Q: In your opinion, which are the main benefits of this experience?
MR: The program holds many benefits, from personal writing and listening skills to networking and exposure to conferences settings and latest research discussions. For example, the report writing is a helpful learning exercise to distil information and balance accuracy versus compactness. Also, the opportunity to participate in a conference is of great value especially for first time attendees and students.
NAA: I think the main benefits concern research networking and the possibility to be aware and updated of current research interests in the field of malaria.
Q: Do you think the Program has helped you advance towards your future professional goals?
MR: Yes, absolutely. Formally, it provides a certificate of participation and the reports are public, which can be useful in a CV and a job application. Personally, the program trains attentiveness to talks, as well as writing concise summaries for a public audience.
NAA: Definitely. Thanks to the MESA Correspondents program, I had the opportunity to assess the current trends of research around the malaria field, especially the vector biology and control (my field of interest). More importantly, I was able to network and discuss with senior scientists within the malaria field. This was a wise investment towards the accomplishment of my academic and professional goals.
Q: Any funny anecdotes you would like to share?
MR: During in-person conference, we spent long evenings in the hotel lobby with the other correspondents and editors to finish the daily reports, half-eaten dinner plates next to the laptop. One evening we even returned too late for the hotel kitchen and had to go outside. Everyone was driven to get the best possible report out for the next day.

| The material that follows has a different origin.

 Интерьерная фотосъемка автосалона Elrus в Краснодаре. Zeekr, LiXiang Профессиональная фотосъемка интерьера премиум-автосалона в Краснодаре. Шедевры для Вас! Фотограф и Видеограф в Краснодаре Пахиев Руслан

NAA: It would definitely be the Vestergaard Quiz Night during the PAMCA Annual Conference 2019. Actually, it was a kind of party with lots of entertainments and a quiz built on questions related to mosquito’s disease vectors. Participants were assigned in groups and there was a prize for the winners. Unfortunately, my group was eliminated at the semi-final…so sad but really a good time.

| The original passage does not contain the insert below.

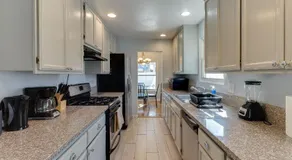 4 bedroom house with a pool - Image 4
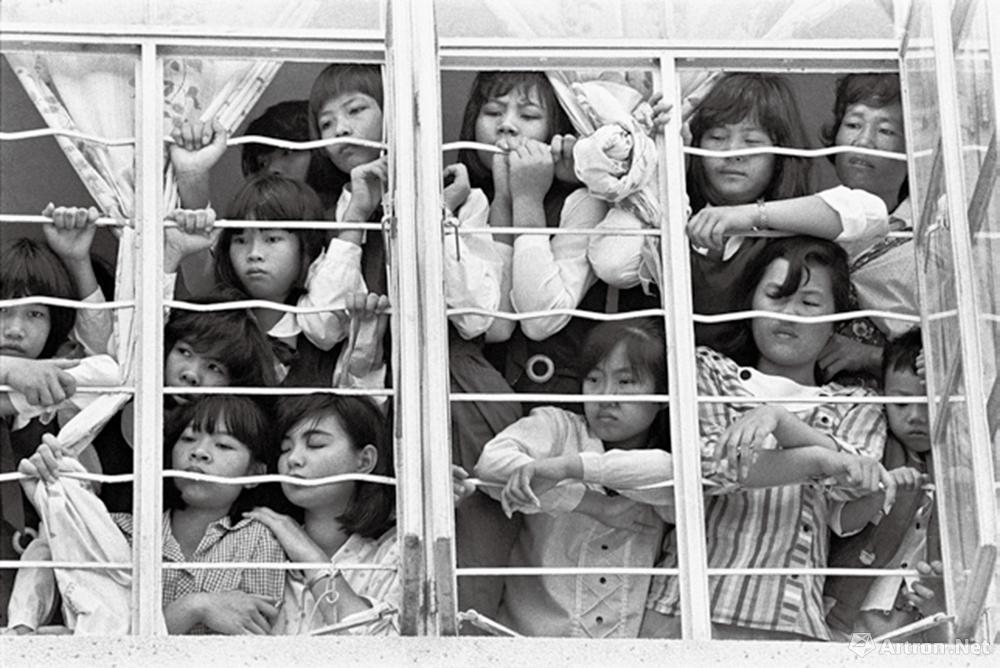 安哥作品：1980·广东开平　服装厂的女工们隔窗看热闹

Q: What would you say to someone thinking of applying to be a Correspondent in the future?
MR: Reach out to the other correspondents, be engaged and be prepared for long nights!
NAA: If your research studies or career interests concern malaria, mosquito’s vectors or vector-borne diseases (in a much broader way), do not hesitate to apply for and join the MESA Correspondents Program. It is the kind of experience that could really help in fostering your progress as a malaria researcher.

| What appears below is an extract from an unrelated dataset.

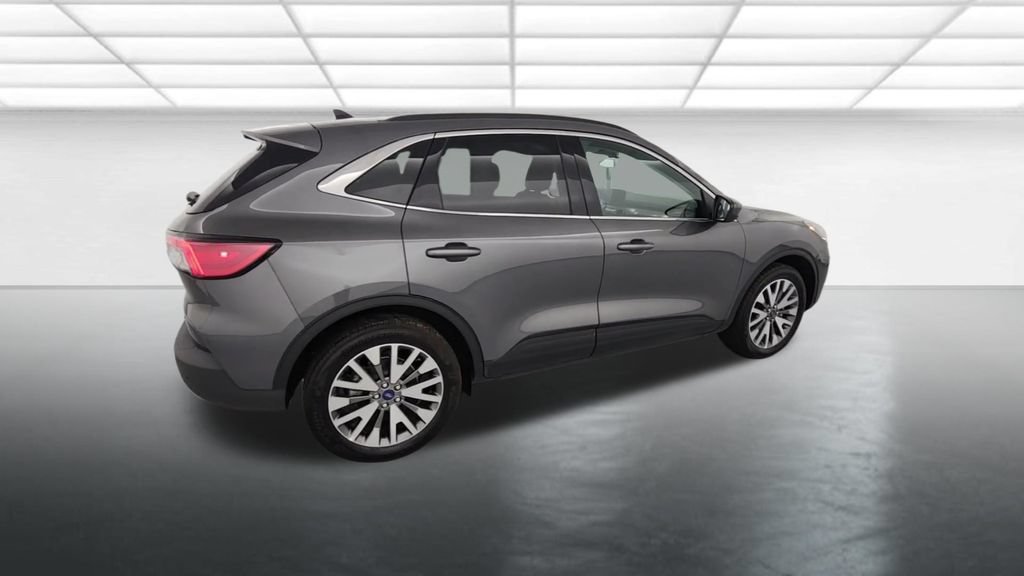 Certified 2022 Ford Escape Titanium w/ Class II Trailer Tow Package AWD/4WD image 9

Manuela Runge is a postdoctoral researcher at the Northwestern University, USA. Her research focuses on simulating malaria interventions to inform malaria control strategies at the country level and recently included the development and application of a COVID-19 transmission model to support the local health department.
Nathalie Amvongo Adjia is a research officer at the Institute of Medical Research and Medicinal Plants Studies in Yaoundé, Cameroon and is also finalizing her PhD in the Parasitology program of the University of Yaoundé 1. Her research broadly concerns the population genetics and genomics of insecticide resistance genes in African malaria vectors.
The MESA Correspondents Program is a collaboration between MESA and the conference organizers. The MESA Correspondents are volunteers who report on selected presentations at global conferences. The reports are disseminated online, enabling people who could not attend the meeting to be informed about the current advances.